Dataset records:
⟨

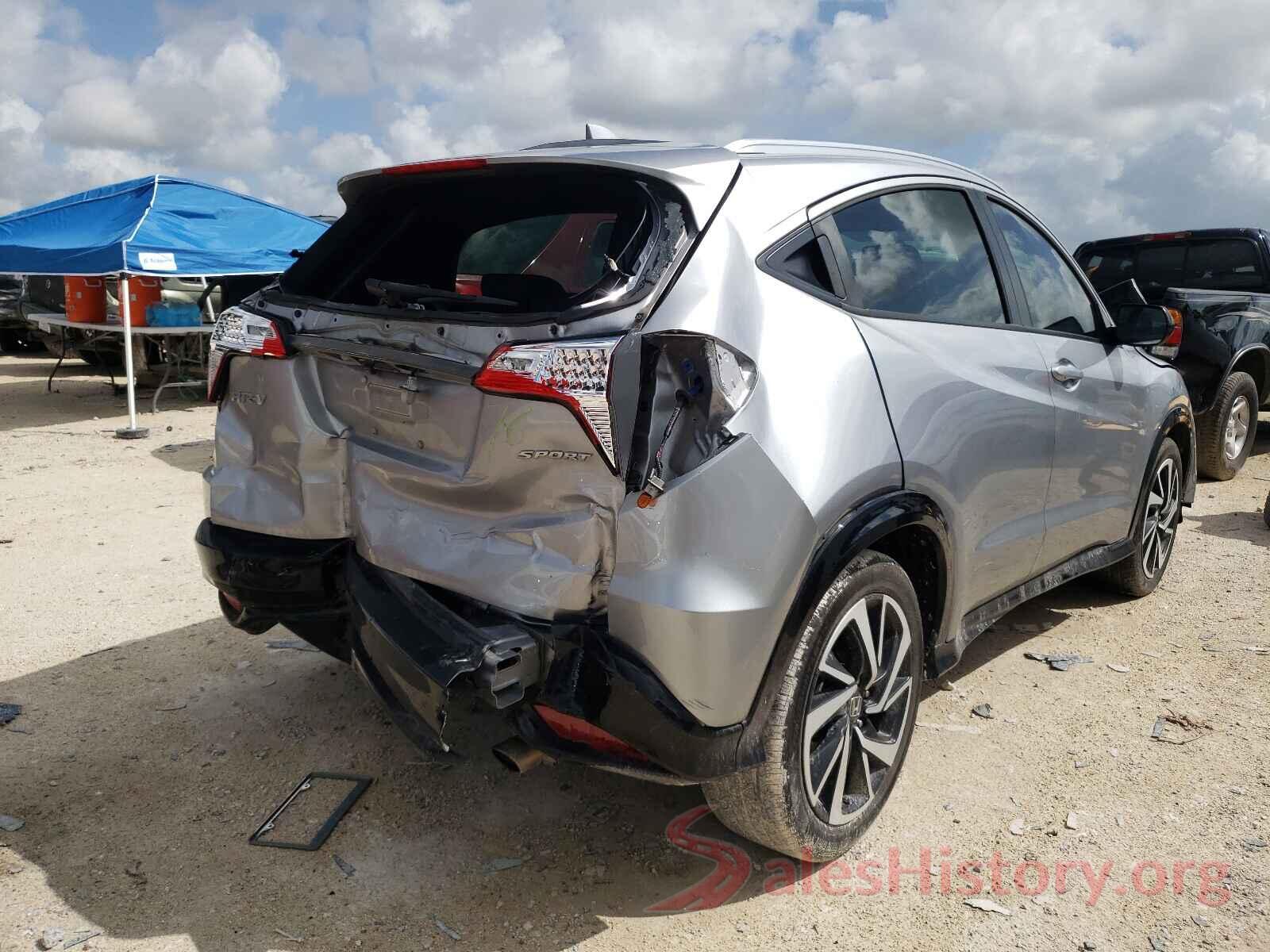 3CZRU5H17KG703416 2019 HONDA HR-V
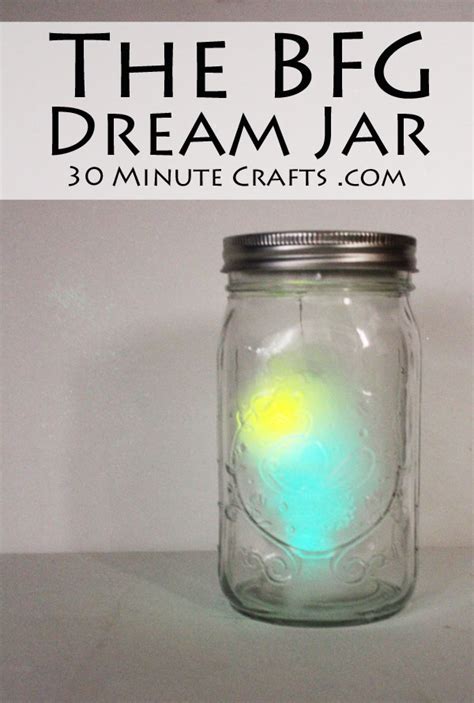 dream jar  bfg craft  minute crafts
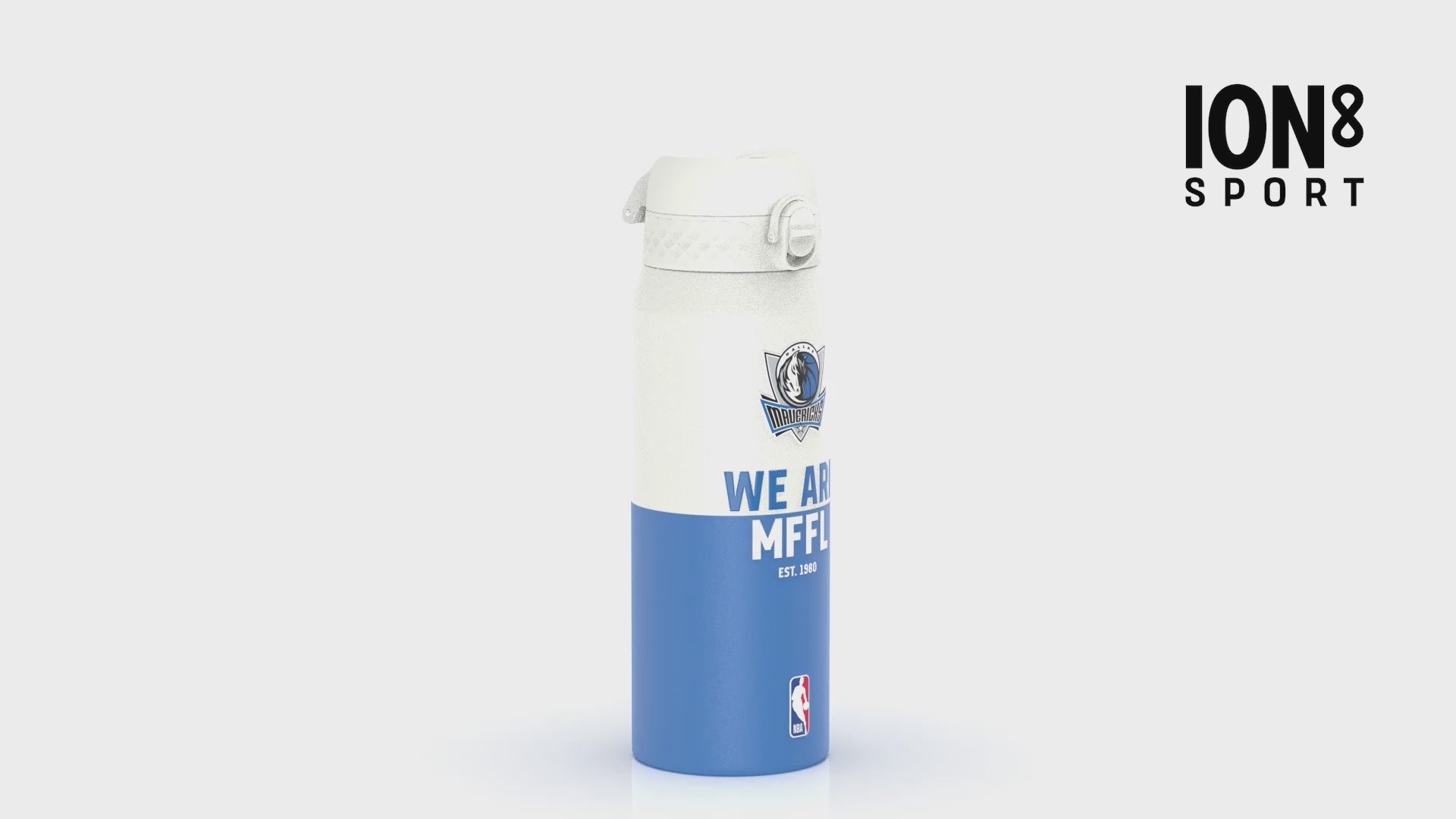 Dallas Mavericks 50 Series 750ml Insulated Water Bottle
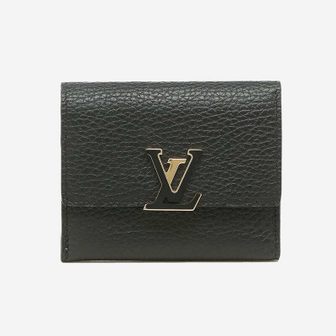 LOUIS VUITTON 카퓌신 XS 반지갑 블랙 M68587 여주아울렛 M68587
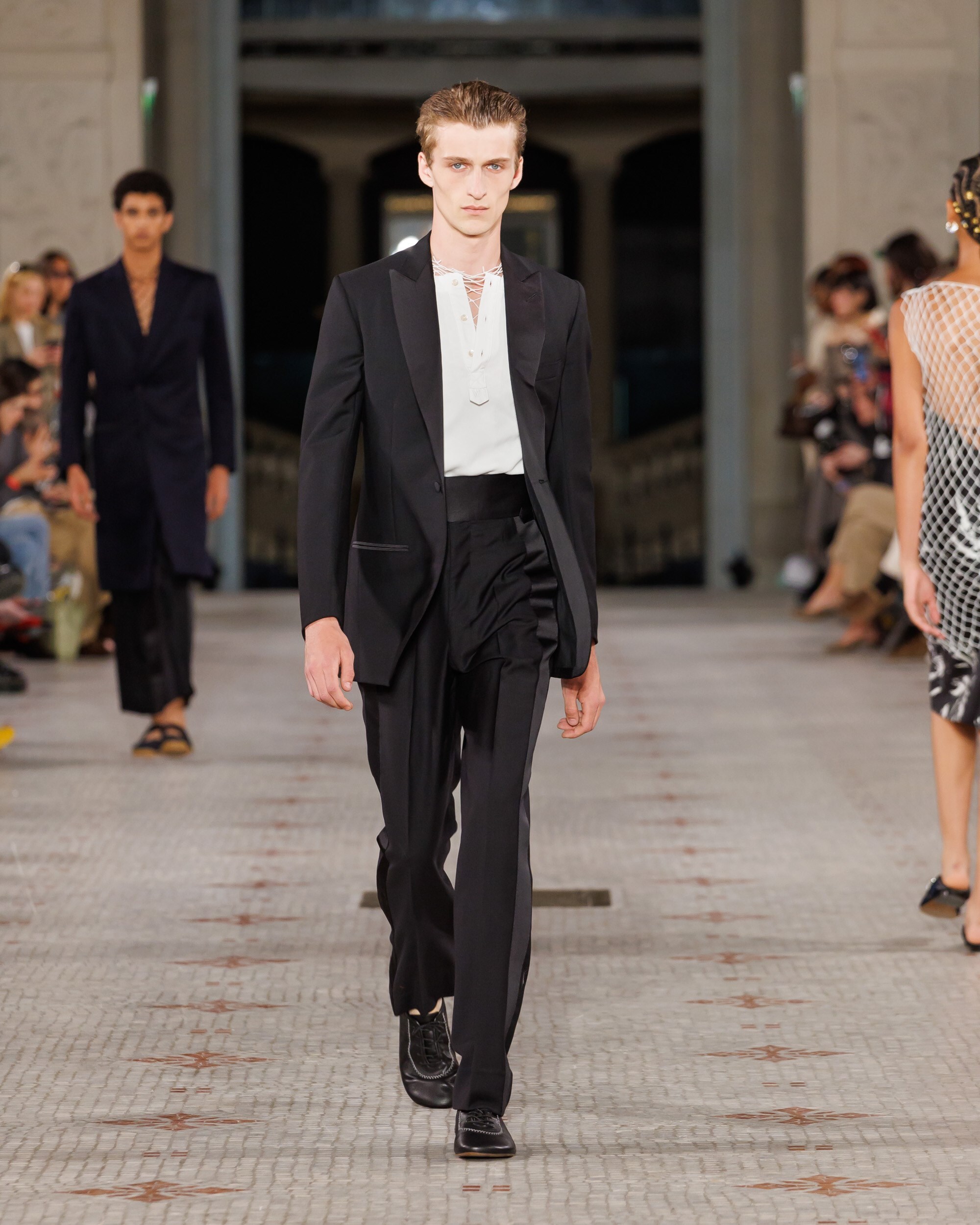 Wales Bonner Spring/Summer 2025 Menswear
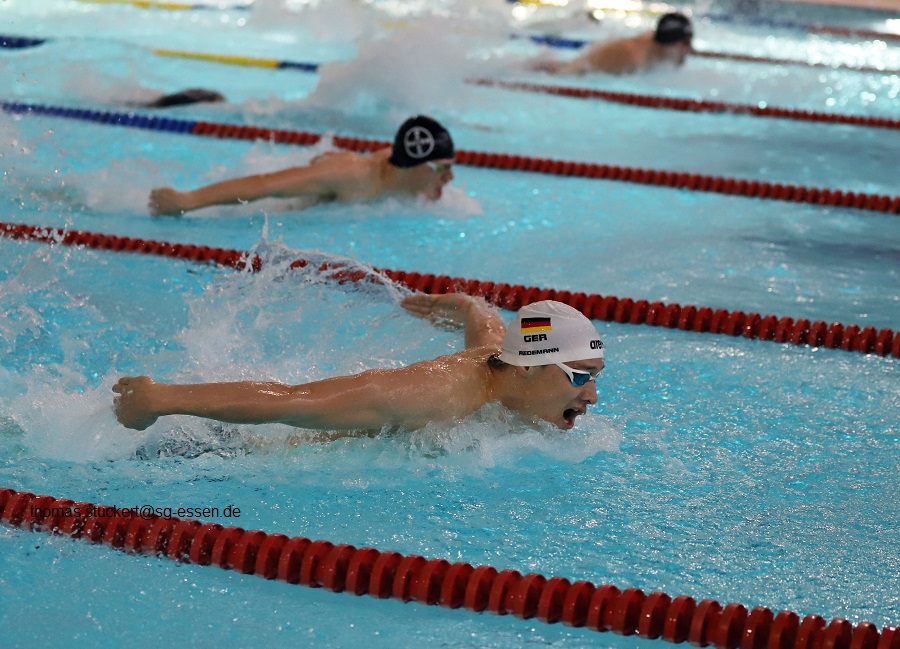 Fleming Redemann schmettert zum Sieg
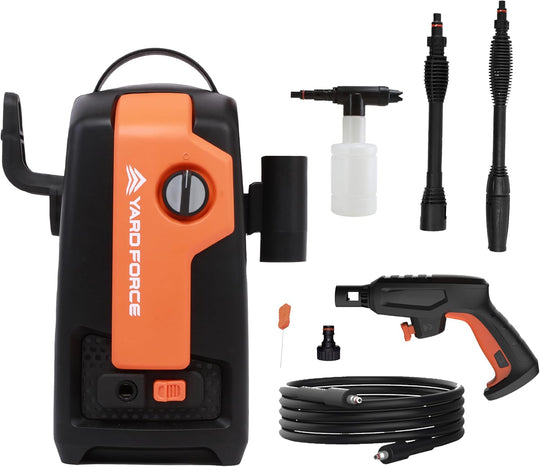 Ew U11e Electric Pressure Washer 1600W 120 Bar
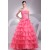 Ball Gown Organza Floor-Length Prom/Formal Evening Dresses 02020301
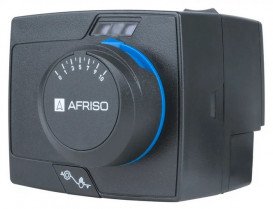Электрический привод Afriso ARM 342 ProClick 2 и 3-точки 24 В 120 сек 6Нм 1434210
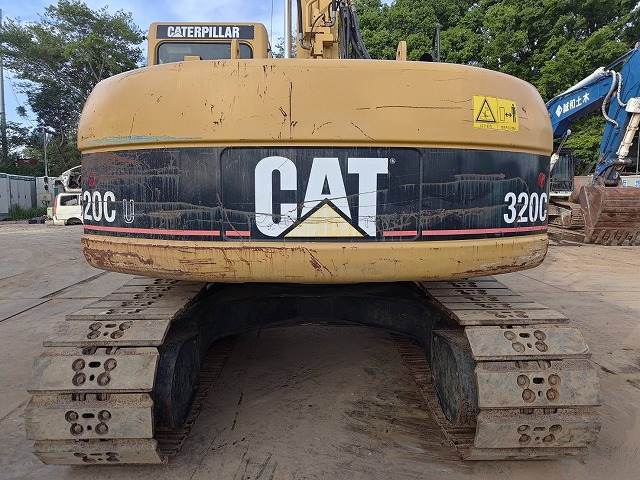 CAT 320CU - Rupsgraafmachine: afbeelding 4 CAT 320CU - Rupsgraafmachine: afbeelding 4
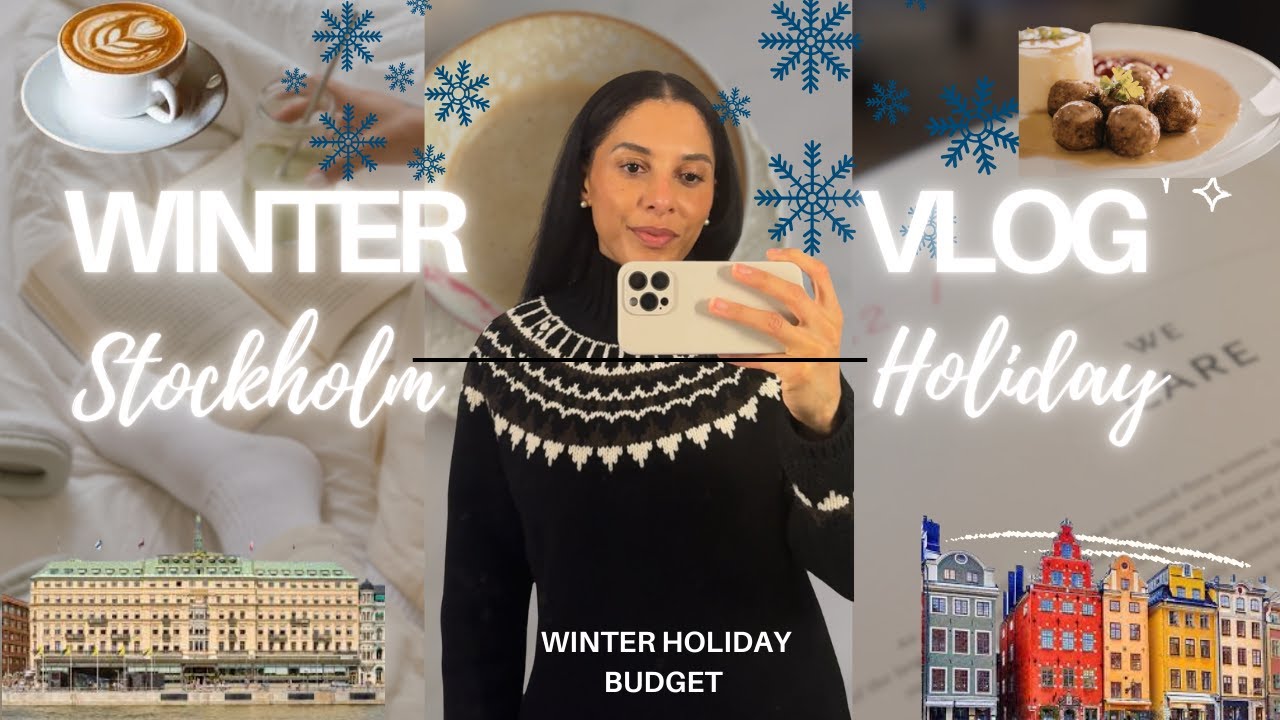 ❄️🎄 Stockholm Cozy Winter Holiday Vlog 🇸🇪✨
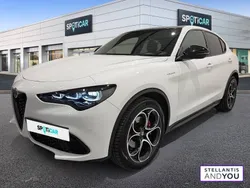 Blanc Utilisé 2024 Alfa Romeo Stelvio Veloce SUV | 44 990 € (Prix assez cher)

⟩

## DESCRIPTION OF THE TASK
Give the entries again, exactly and in full, with no image included.

## THE ANSWER
 3CZRU5H17KG703416 2019 HONDA HR-V
 dream jar  bfg craft  minute crafts
 Dallas Mavericks 50 Series 750ml Insulated Water Bottle
 LOUIS VUITTON 카퓌신 XS 반지갑 블랙 M68587 여주아울렛 M68587
 Wales Bonner Spring/Summer 2025 Menswear
 Fleming Redemann schmettert zum Sieg
 Ew U11e Electric Pressure Washer 1600W 120 Bar
 Ball Gown Organza Floor-Length Prom/Formal Evening Dresses 02020301
Электрический привод Afriso ARM 342 ProClick 2 и 3-точки 24 В 120 сек 6Нм 1434210
 CAT 320CU - Rupsgraafmachine: afbeelding 4 CAT 320CU - Rupsgraafmachine: afbeelding 4
 ❄️🎄 Stockholm Cozy Winter Holiday Vlog 🇸🇪✨
 Blanc Utilisé 2024 Alfa Romeo Stelvio Veloce SUV | 44 990 € (Prix assez cher)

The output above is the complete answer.